Petit détour par la place Jean-Macé. L’autre équipe qui sillonne Lyon a vu Philippe en début de soirée, et a cru comprendre qu’il était viré de son squat. Il est là, en effet, sous l’arche du tunnel, debout, immobile. Rien d’un clochard, sinon son cabas. “Bonsoir Philippe, ça va? – J’attends des potes.”. En plus du café, Delphine réussit à lui donner un sac de couchage: ça rentre pile dans son sac, ça peut toujours servir à quelqu’un. Il se fait prier, accepte enfin, pas dupe. Et un livre, ça vous dirait? Pourquoi pas, il aime bien les romans. Je lui tends La Plaisanterie de Kundera, et raconte le début, ce jeu idiot entre deux fiancés qui dégénère. Philippe est intéressé, et pas pressé de nous voir partir. “En fait, le sujet, c’est quoi? -Savoir qui nous sommes vraiment, propose la libraire. -La complexité des relations humaines”, dis-je à mon tour. Il nous demande quand nous reviendrons, pour nous dire s’il a aimé.

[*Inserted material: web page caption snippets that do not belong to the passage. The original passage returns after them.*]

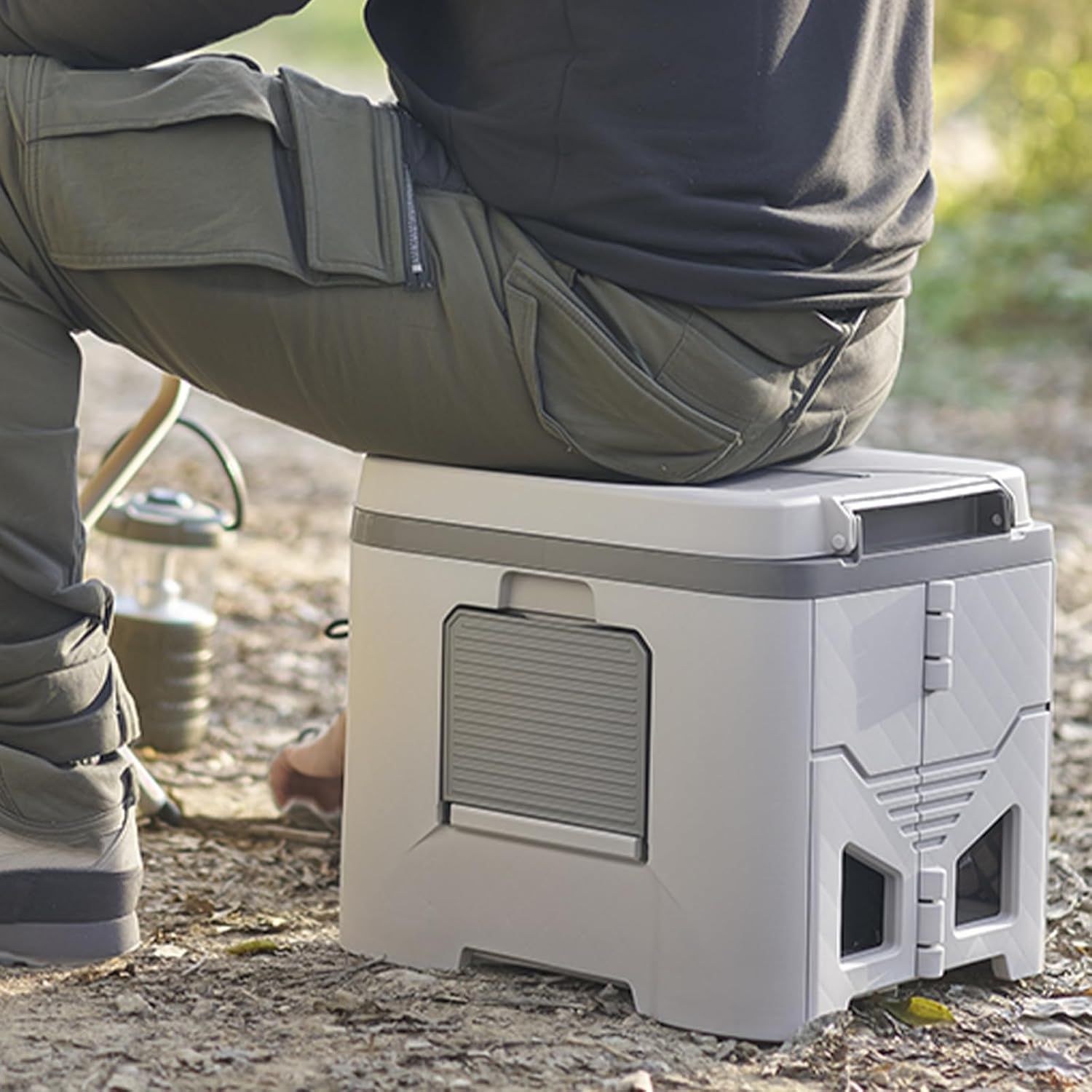 Portable Travel Toilet with Integrated Dual Storage Wings & Odor-Proof Lid – Ergonomic Reusable Foldable Commode with 12.7cm Folding Height for Car Travel &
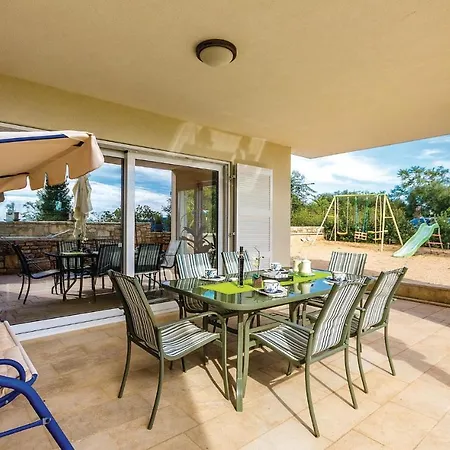Holiday home Awesome Home In Rakalj With House Sea View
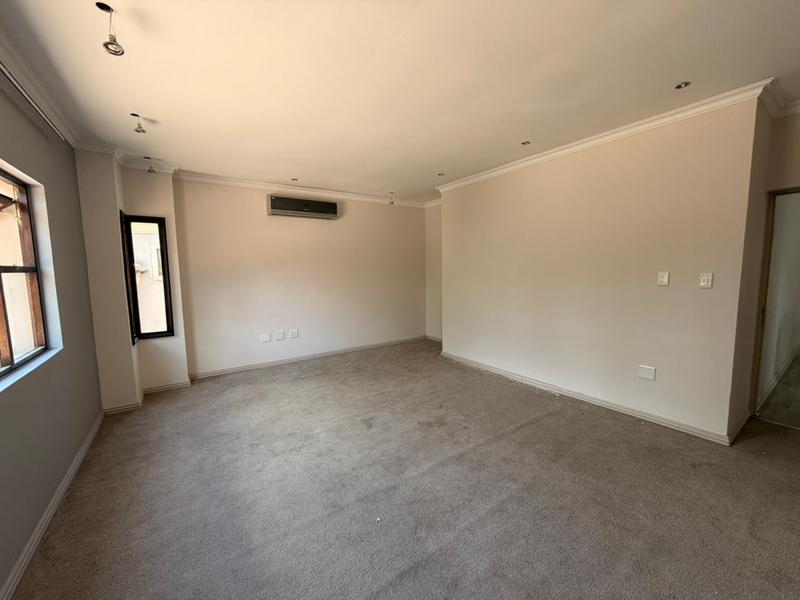 To Let 5 Bedroom Property for Rent in Sandown Gauteng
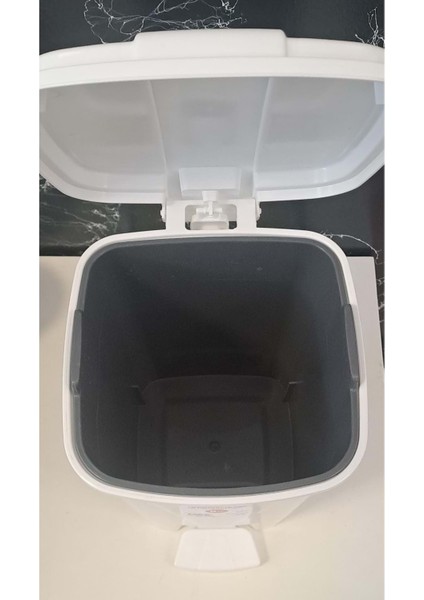 Merdem Pedallı Çöp Kovası Kare 1 No 5 Lt Beyaz ( MRD-121 ) modelleri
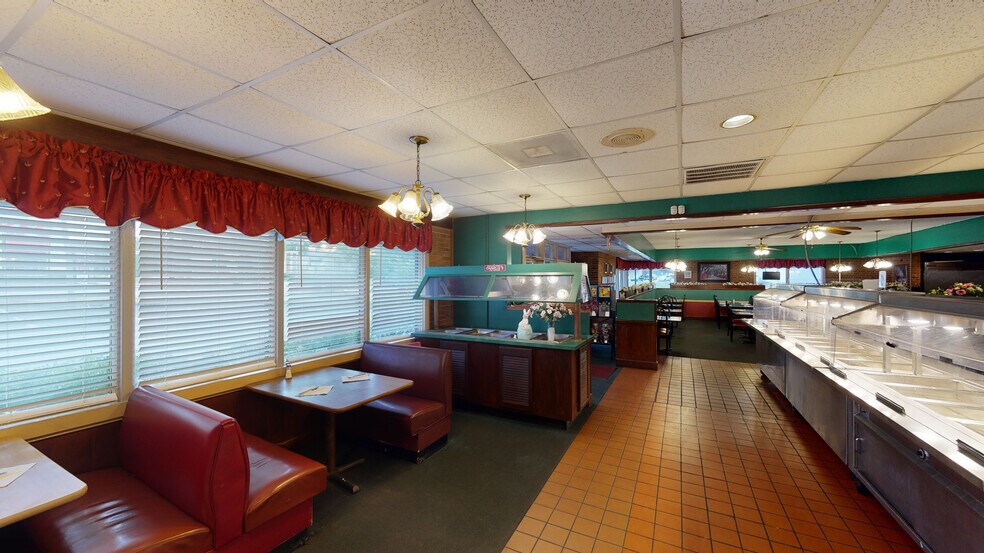 More Photos Of 1102 W Spring St, Monroe Restaurant For Sale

“On peut vous taxer un peu de bouffe?” Trois jeunes s’approchent, piercings, rangers, chien. “On peut d’abord se présenter”, suggère Delphine. Fred prépare un chocolat, Arnaud propose sandwiches, café et croquettes. Zut, on n’a plus que des croquettes pour chat. “II va bientôt se mettre à miauler”, rigole la fille. Je lui donne dix-sept ans au plus, comme à l’un des garçons.

“Et un livre, ça vous dit?- Non merci, répondent-ils en chœur. -Moi, il me faudrait Comment draguer une meuf quand on est dehors, ajoute Fifi, le plus âgé”. Je souris. “Vous devriez l’écrire!” Il rigole, approche de la caisse. Tout en répétant qu’il n’en veut pas, il touche les livres, tombe sur le mien. “Celui-là, c’est le mien, vous aurez une dédicace en prime. -Vraiment? C’est énorme!” s’exclament les deux gamins, réveillés tout à coup. Je fais épeler les prénoms  -celui de la fille est étrange, étrusque explique-t-elle. Ils repartent, contents. Ils ont eu de la bouffe, et un livre dédicacé. Bread and roses. Je cherche d’où vient l’expression, sur Wikipedia. Un poème de James Oppenheim, repris lors de grèves ouvrières: “Hearts starve as well as bodies: give us bread, but give us roses”.

Deux heures du matin, déjà. Debrief dans le camion. Une bonne soirée, malgré quelques détails : on aurait peut-être pu éviter Fourvière, on n’aurait peut-être pas dû redonner notre place d’hébergement si tôt. Peut-être, peut-être pas. La maraude ne se prête pas aux certitudes. Au local, nous retrouvons l’autre équipe. Ils ont vu trente-deux personnes, nous seize. Trente-deux, c’est bien. Seize, c’est bien aussi. Un seul livre, une seule poignée de main, cela aurait valu la peine.